Short text fragments from websites:
==============================
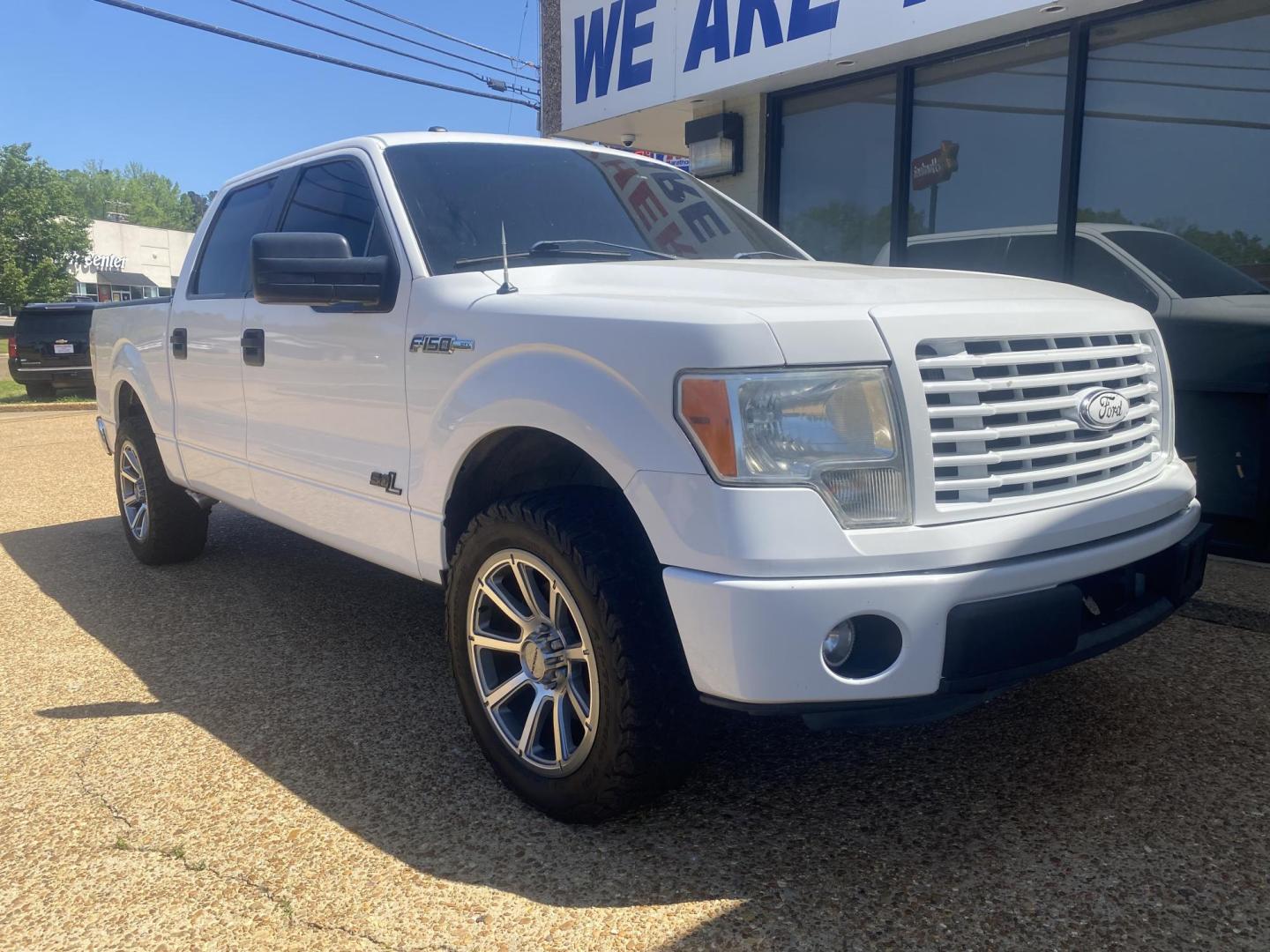 2014 WHITE FORD F-150 STX (1FTFW1CF8EF) , located at 922 W. Beacon St., Philadelphia, MS, 39350, (601) 650-3675, 32.770447, -89.127151 - Photo#0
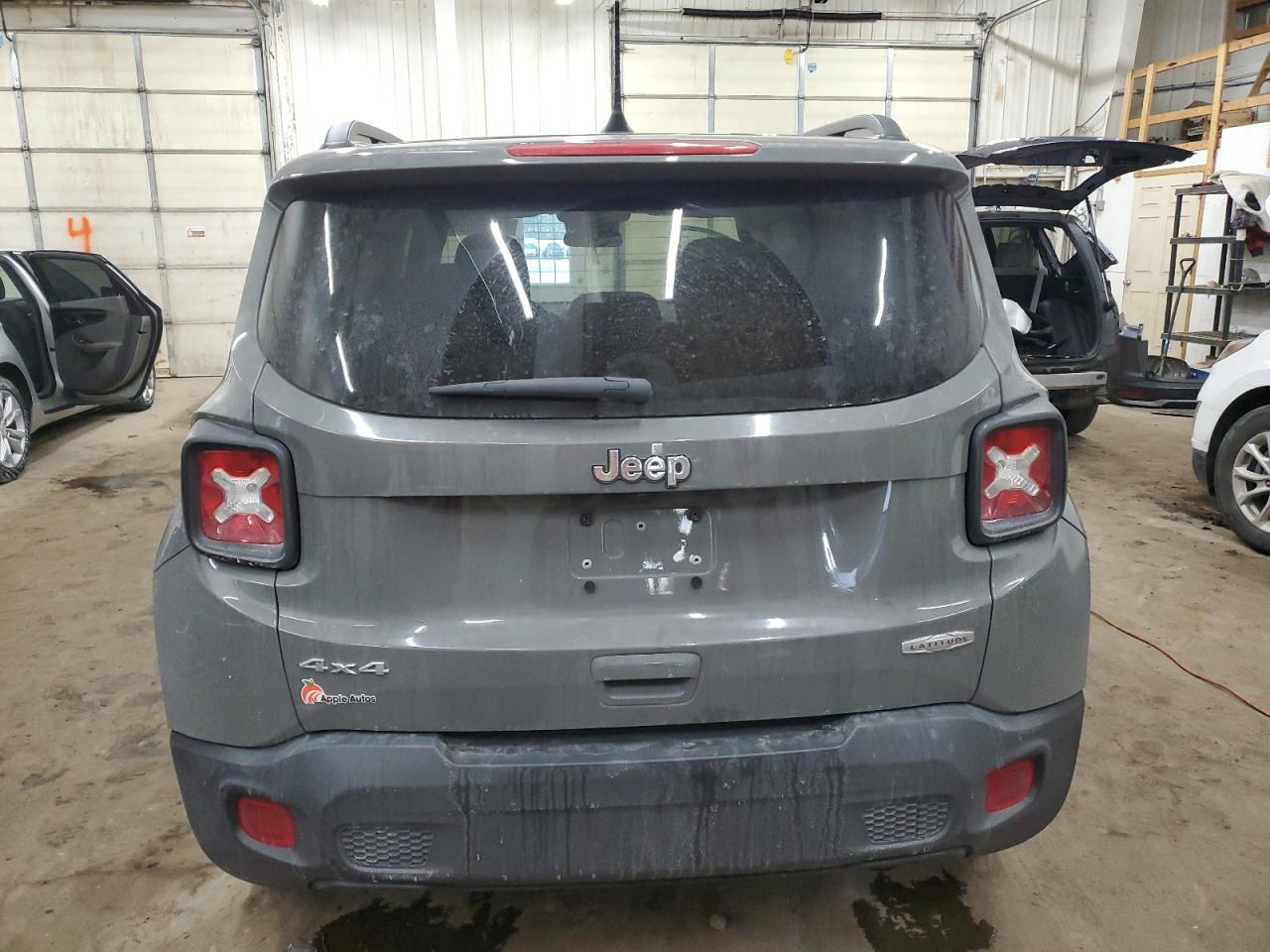 2019 Jeep Renegade - Image 6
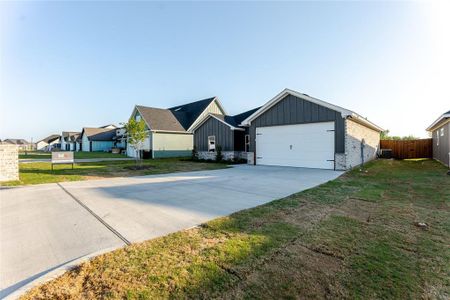 New construction Single-Family house 9213 Parkview Cir, Tolar, TX 76476 - image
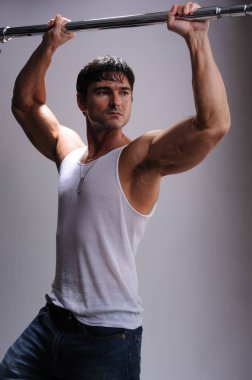 Seksi adam fotoğraf için poz veriyor..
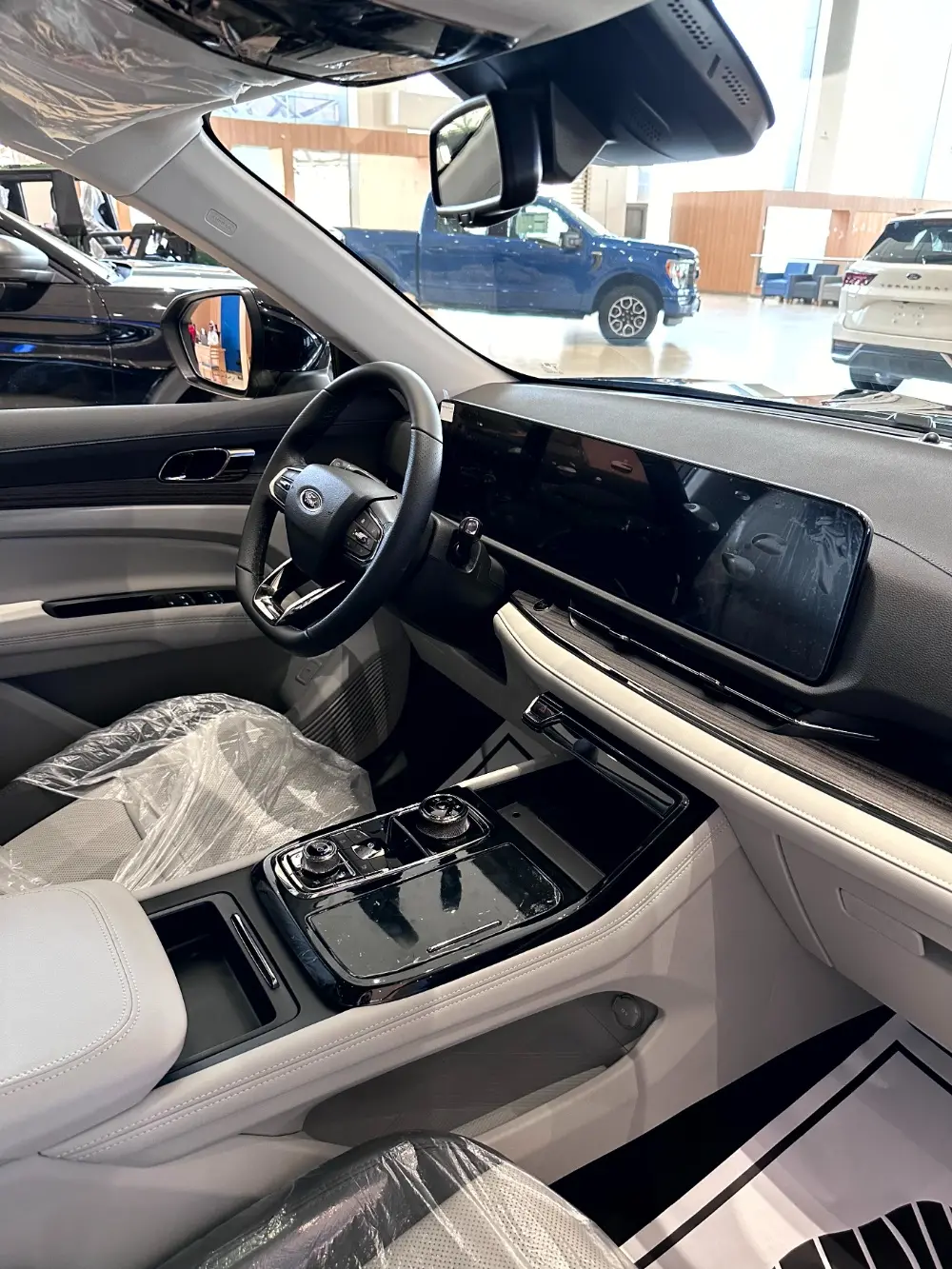 صور فورد تيريتوري 2025: تصميم خارجي عصري ومقصورة ذكية (الأسعار+المواصفات) كم أسعار فورد تيريتوري 2025 في السعودية؟ مع عرض الفئات والتجهيزات (بالصور)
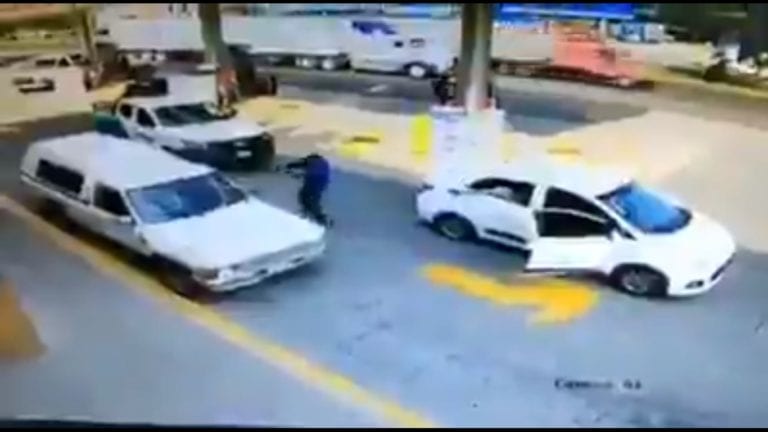 Captan homicidio en gasolinera de Michoacán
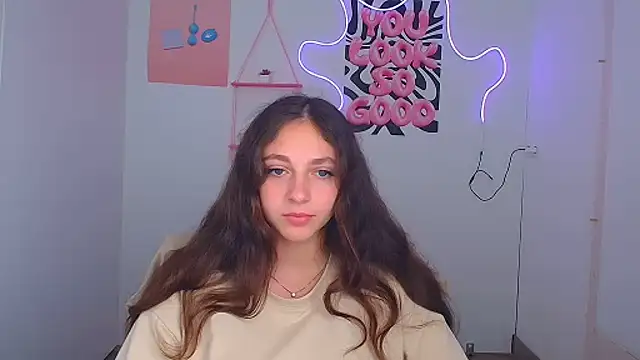 KissMeJulia online show from 28, 7, 2026
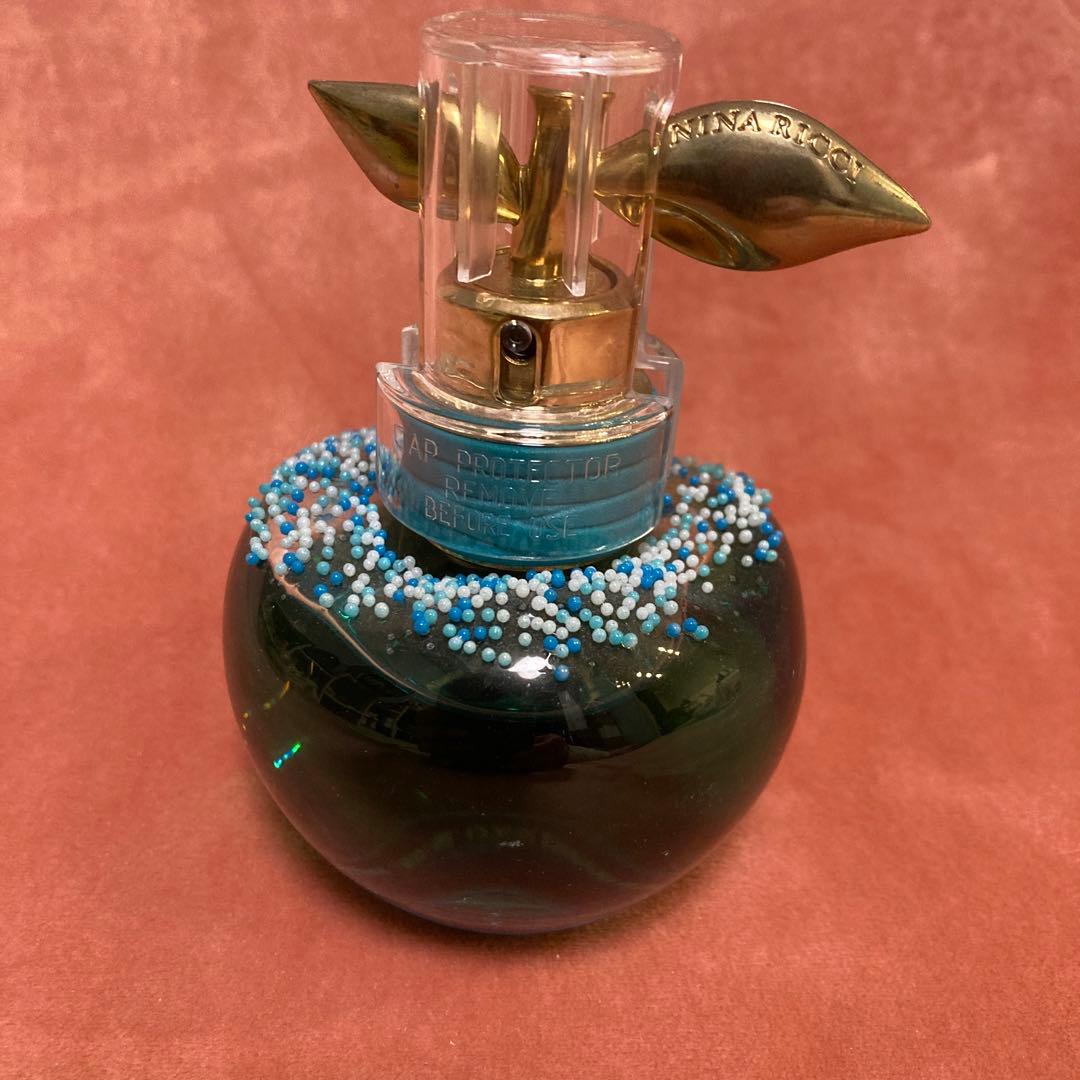 週末SALE⭐️Nina Ricci⭐️香水 水色リンゴ型ボトル - メルカリ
==============================
What's needed here is an exact repeat of all the records above, pictures excluded.

Task output:
 2014 WHITE FORD F-150 STX (1FTFW1CF8EF) , located at 922 W. Beacon St., Philadelphia, MS, 39350, (601) 650-3675, 32.770447, -89.127151 - Photo#0
 2019 Jeep Renegade - Image 6
 New construction Single-Family house 9213 Parkview Cir, Tolar, TX 76476 - image
 Seksi adam fotoğraf için poz veriyor..
 صور فورد تيريتوري 2025: تصميم خارجي عصري ومقصورة ذكية (الأسعار+المواصفات) كم أسعار فورد تيريتوري 2025 في السعودية؟ مع عرض الفئات والتجهيزات (بالصور)
 Captan homicidio en gasolinera de Michoacán
 KissMeJulia online show from 28, 7, 2026
 週末SALE⭐️Nina Ricci⭐️香水 水色リンゴ型ボトル - メルカリ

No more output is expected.